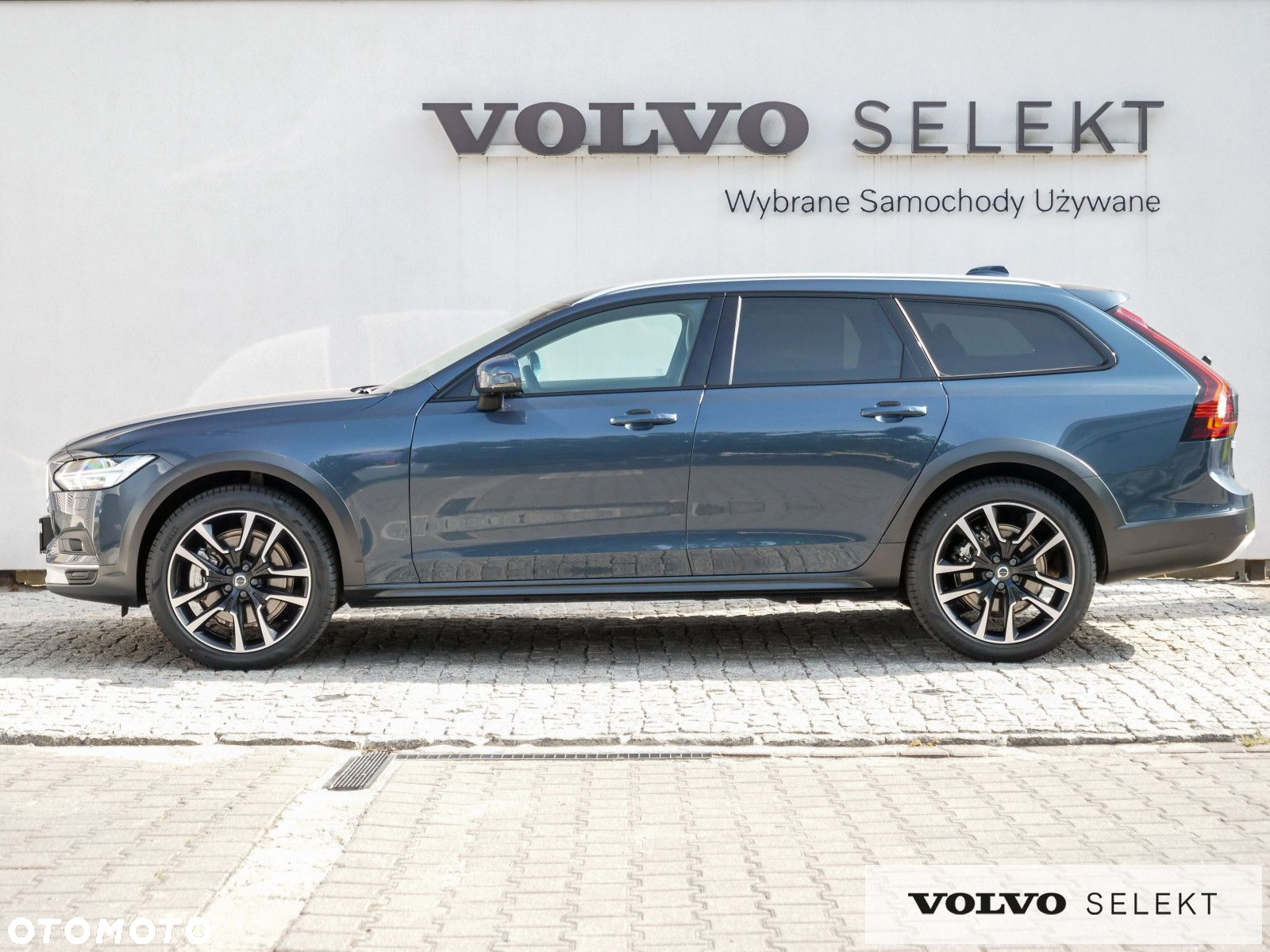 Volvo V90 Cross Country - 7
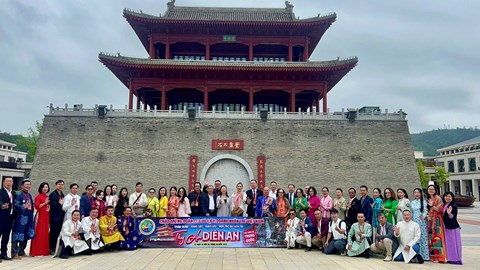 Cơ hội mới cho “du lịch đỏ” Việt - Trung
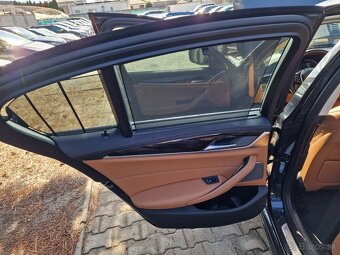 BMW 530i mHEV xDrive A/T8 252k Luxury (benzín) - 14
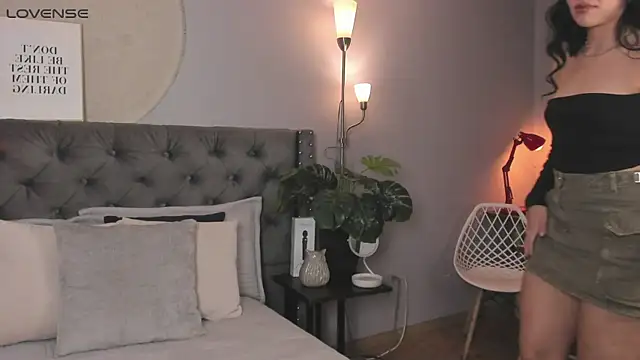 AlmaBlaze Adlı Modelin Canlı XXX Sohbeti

_WORK ORDER:_
Every word of the material above should be copied exactly; no pictures.

_ANSWER SECTION:_
 Volvo V90 Cross Country - 7
 Cơ hội mới cho “du lịch đỏ” Việt - Trung
 BMW 530i mHEV xDrive A/T8 252k Luxury (benzín) - 14
 AlmaBlaze Adlı Modelin Canlı XXX Sohbeti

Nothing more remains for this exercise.